## Extracted data
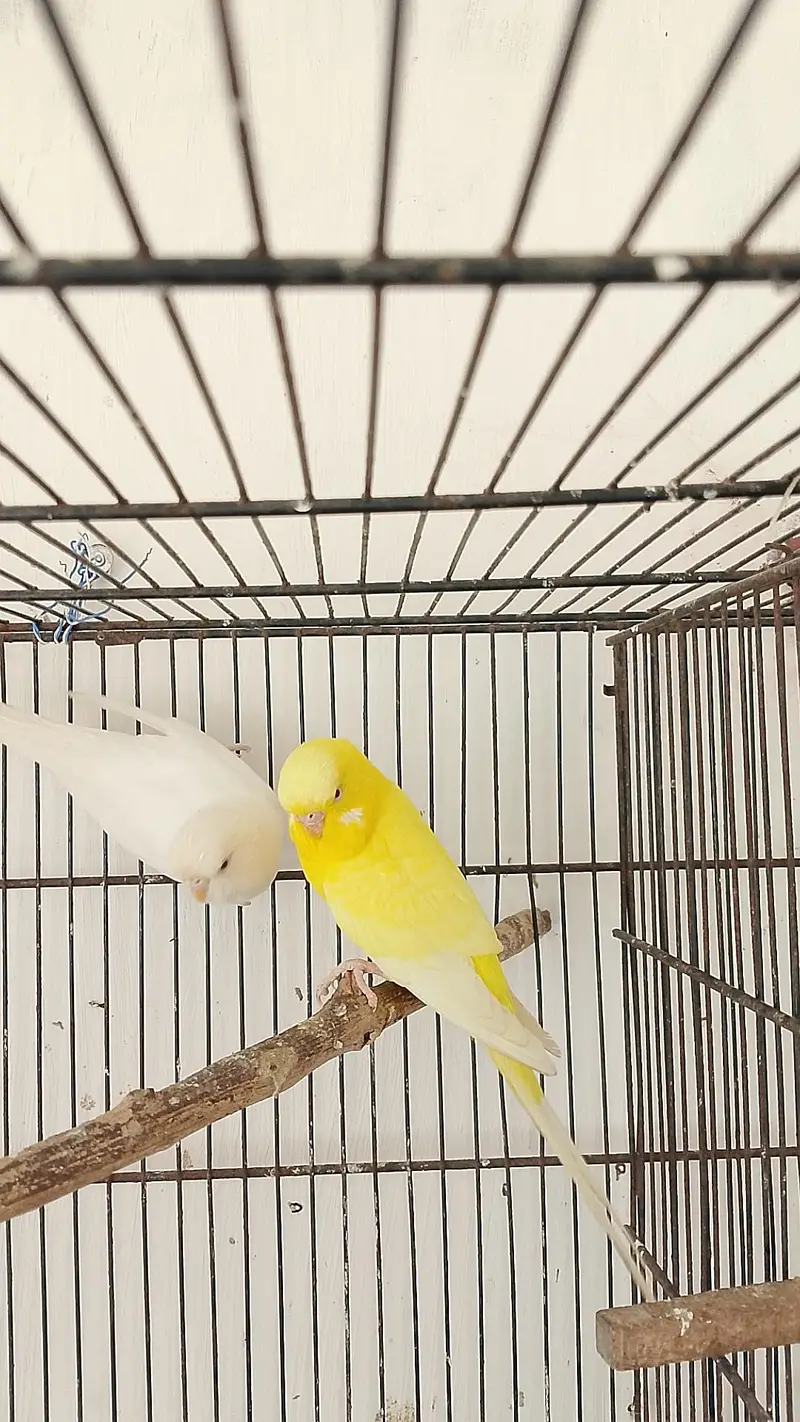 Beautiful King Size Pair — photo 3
* * *
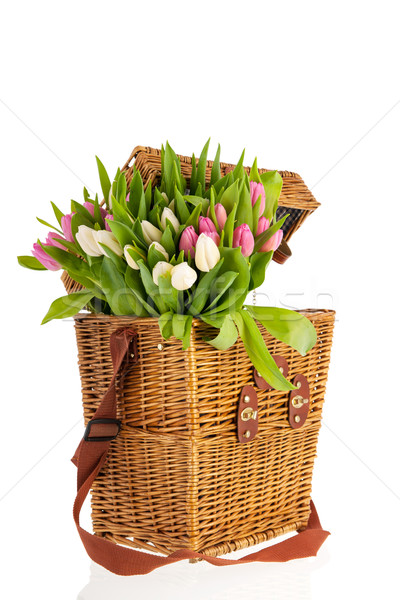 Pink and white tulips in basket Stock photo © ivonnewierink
==
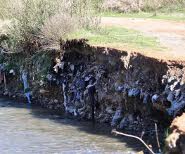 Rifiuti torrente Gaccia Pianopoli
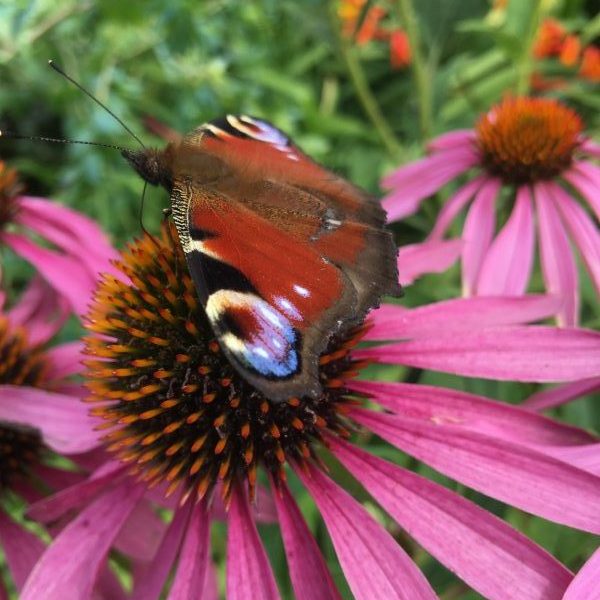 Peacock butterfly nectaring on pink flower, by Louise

## Aim of the task
Would you copy out, exactly and with no pictures, only the lines above from the one that contains "Rifiuti torrente Gaccia Pianopoli" through the one that contains "Peacock butterfly nectaring"?

## Answer
 Rifiuti torrente Gaccia Pianopoli
 Peacock butterfly nectaring on pink flower, by Louise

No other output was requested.